Le langage dépasse la représentation et la médiation,
non pas parce qu'il serait inné, « mais parce qu'il
est chaos ».
L'infini fractal
Je
me suis vite souvenu d'avoir déjà lu ce texte il y a
quelques années. C'est l'Annexe I de son ouvrage TAZ
Zone Autonome Provisoire,
que l'on peut trouver en français sur le site des Éditions
de
l'Éclat <http://www.lyber-eclat.net/lyber/taz.html>.
Je l'ai encore dans l'arborescence de ma bibliothèque
numérique.
Je
suis surpris que ce texte ne m'ait pas davantage frappé quand
je l'ai lu après avoir écrit ma nouvelle, Les
Langues à attracteurs logiques du Devron <http://jdepetris.free.fr/Livres/planet_blue/devron.html>.
J'y avais en effet inventé une langue dont la grammaire se
référait explicitement aux « attracteurs
étranges » de la mécanique des fluides, pour
aiguiller les mouvements de la pensée. Bien que l'idée
m'en soit venue en lisant Poincaré, je n'ignorais pas le rôle
que tiennent des attracteurs dans les mathématiques du chaos.
Les thèses
de Hakim Bey éclairent aussi maintenant mes réflexions
d'hier soir.
Les
concepts de chaos et d'émergence sont proprement
révolutionnaires, c'est à dire « catastrophiques »

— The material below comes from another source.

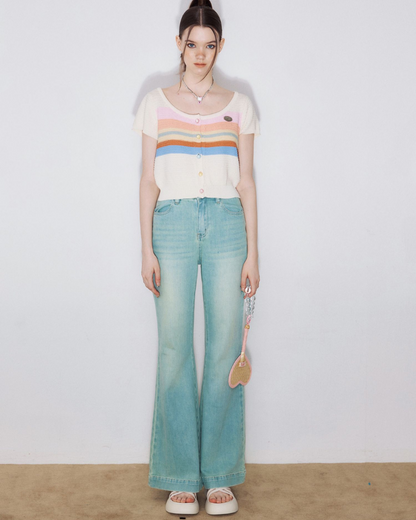 Light Blue High Waist Straight Denim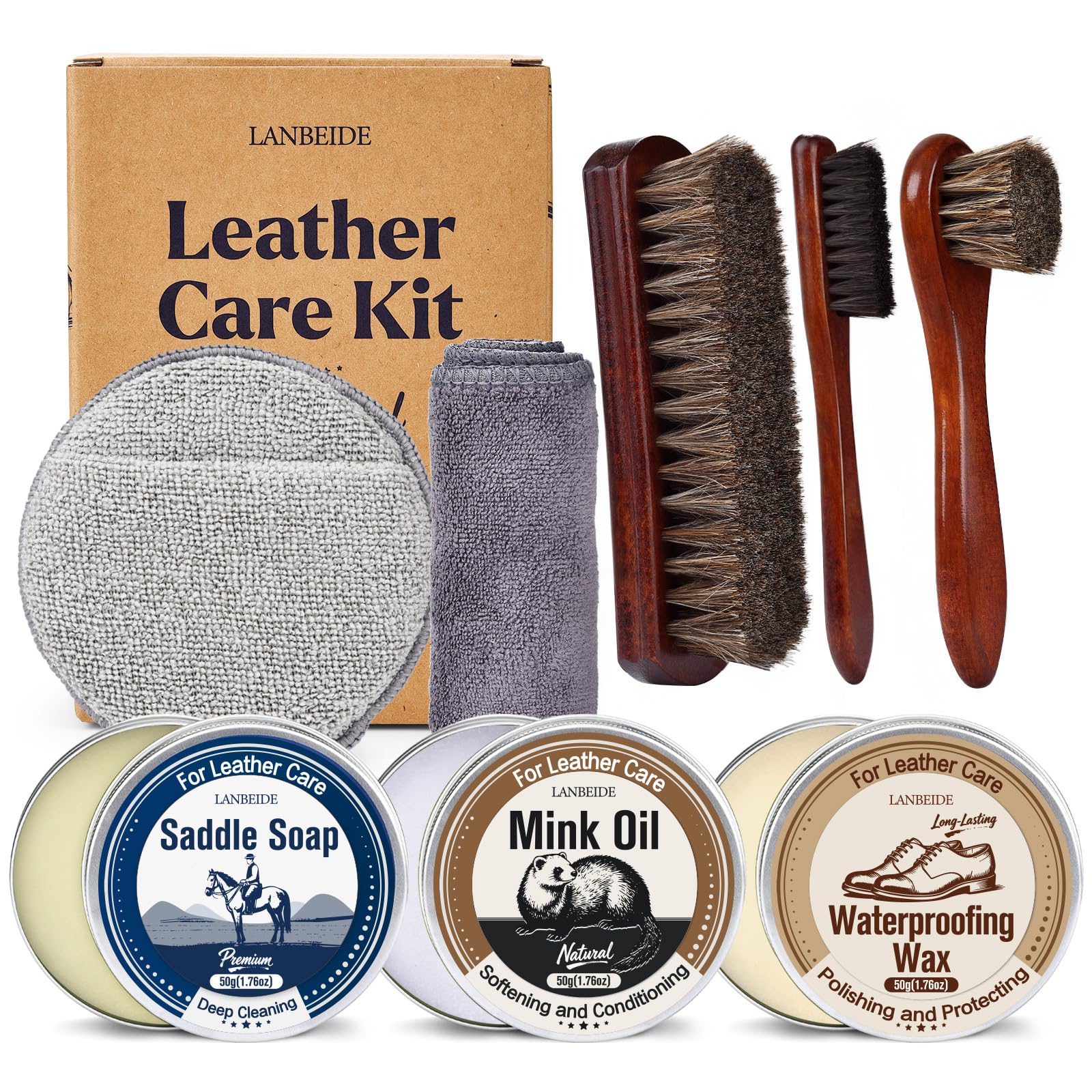LANBEIDE Leather Boot Care Kit with Saddle Soap, Mink Oil &amp; Waterproof Wax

au sens mathématique. On ne semble pas mesurer à quel
point ils sont entièrement contradictoires avec ce que l'on
croit identifier dans les Nouvelles
Technologies de l'Information et de la Communication,
avec son idéologie du village
global.
À l'opposé de tout ce qui peut évoquer l'idée
d'une société, d'une communauté quelconque,
d'une appartenance, c'est à dire d'un ensemble relativement
clos, ces concepts débouchent sur l'idée d'un infini
fractal.
Pour une
Révolution de l'Entendement Humain
Je crois comme
Hakim Bey que toutes les expériences des avant-gardes du
siècle dernier allaient en ce sens ou étaient
stériles : écriture automatique, lettrisme, poésie
sonore et spatiale... « elles concourraient non pas à
découvrir ou à détruire le sens, mais à
le créer. »
Il
y a là de quoi renouveler, de quoi régénérer
la perspective surréaliste de l'automatisme ; de quoi
dépasser cette intuition confuse, cette conscience trouble,
pour ne pas dire oraculaire, que l'automatisme serait le pivot d'une
révolution qui n'est déjà plus à naître.